I tried the following code:
void mexFunction(int nlhs, mxArray *plhs[], int nrhs, const mxArray *prhs[])
{
int *data = mxGetPr(prhs[0]);
mexPrintf("%f \n", data[0]);
}
If data is defined as
double* data = mxGetPr(prhs[0]);
what's printed out is correct.
If data is defined as the above
int* data = mxGetPr(prhs[0]);
what's printed out is always 0.000000, no matter what have been stored in "prhs".
Does that mean, for mexFunction, the unique way to cope with data is
double *data = mxGetPr(prhs[0]);
and I have to re-assign the data in different format by myself?

Réponses (2)

Bård Skaflestad
Bård Skaflestad le 22 Jan 2011
The mxGetPr() function always returns a pointer to double. Pointers to double are distinct from pointers to int and there exists no direct conversion between the two.

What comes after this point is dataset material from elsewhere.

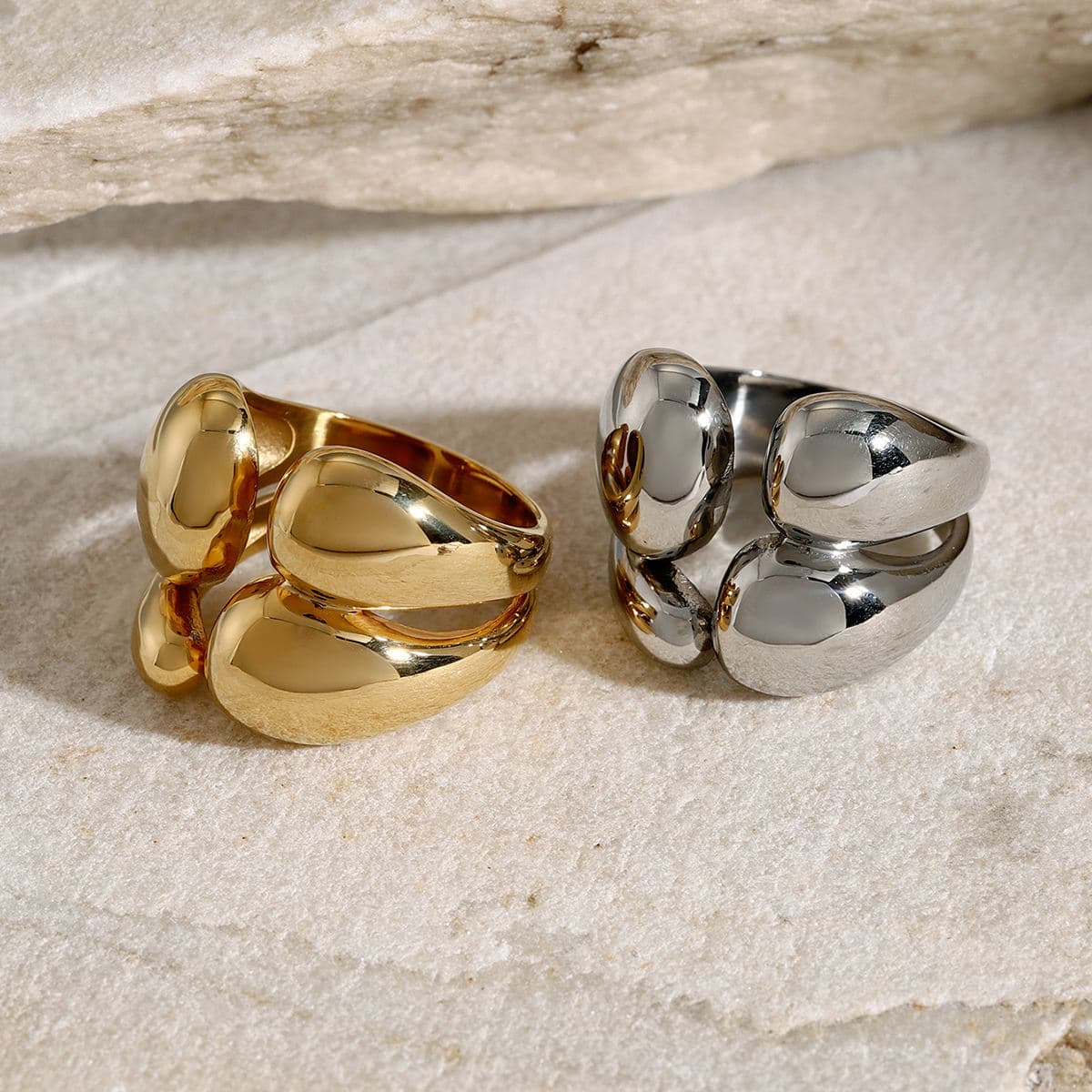 Double Layered Ring 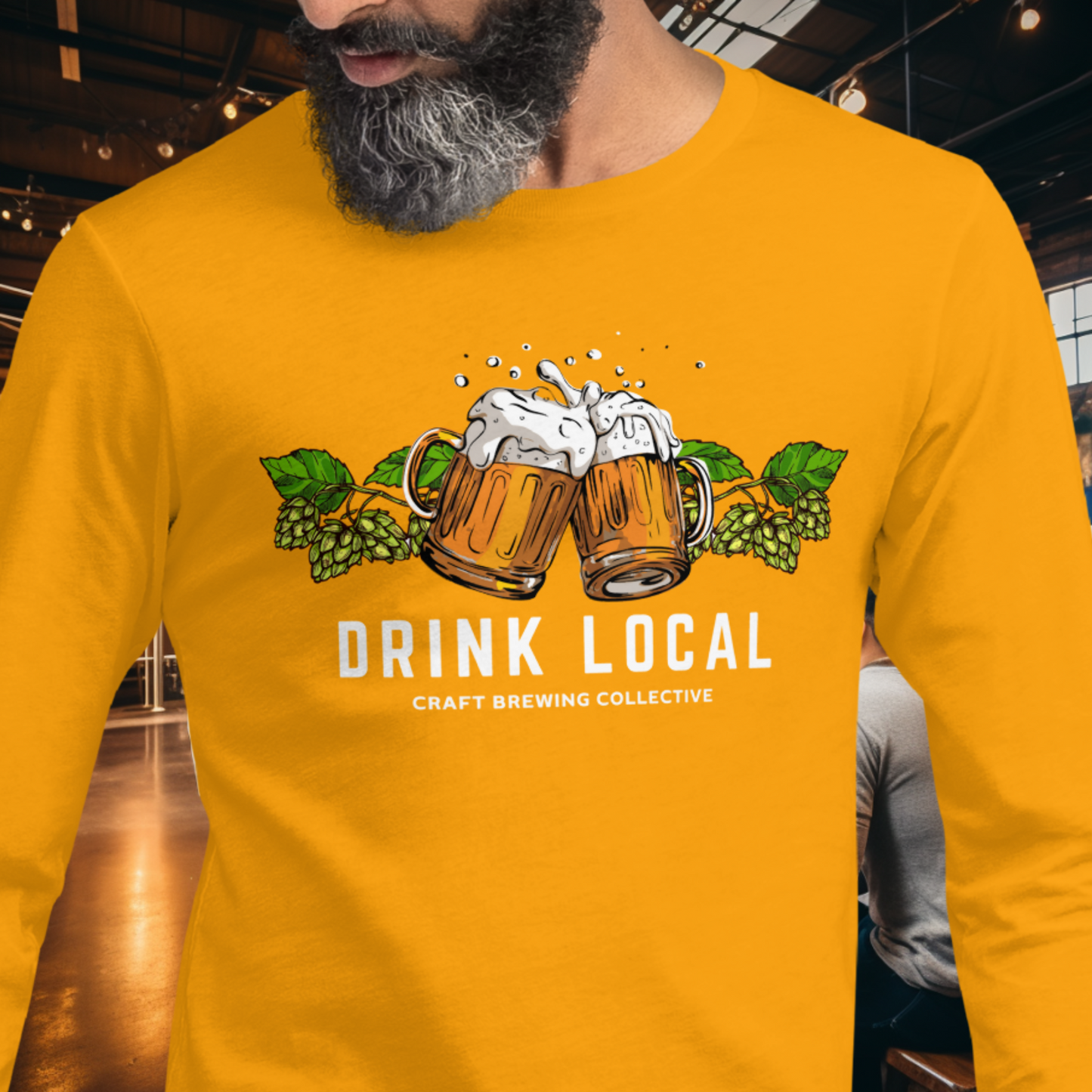 Drink Local - Hops Long Sleeve Tee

Furthermore, the mxGetPr() function is only really applicable if the mxArray* satisfies either of mxIsDouble() or mxIsComplex(). If the mxArray* is any other data type (e.g., if mxIsInt32() returns true), then you must use the mxGetData() function to get at the actual data members of the mxArray*.
The solution to your problem depends a lot on the expected input to your mexFunction(). If you want to accept (arrays of) any MATLAB (numeric) data type (e.g., double or uint32), then you will typically have to allocate some memory for your int *data in your mexFunction() (see mxMalloc() or mxCreateNumericMatrix()) and then loop over the data members of the mxArray* to manually effect the type conversion.
  5 commentaires
Walter Roberson
Walter Roberson le 25 Jan 2011
Jan, one of the oddities of C is that pointers to different types are allowed to be different lengths and use different representations. The only pointer conversion that is guaranteed is conversion to void* and conversion back to the same type -- this restriction explicitly defined in the C language.
You have also mixed together "int" (which Baard referenced) and int32_T . "int" is permitted to have an alignment smaller than 32 bits. Recall that traditionally "int" was a 16 bit quantity and it took "long int" to be sure of 32 or more bits.
Jan
Jan le 25 Jan 2011
Dear Walter, thanks for the important information. As far as I can see, I did *not* mix "int" and "int32_T", because these terms appear in different sentences.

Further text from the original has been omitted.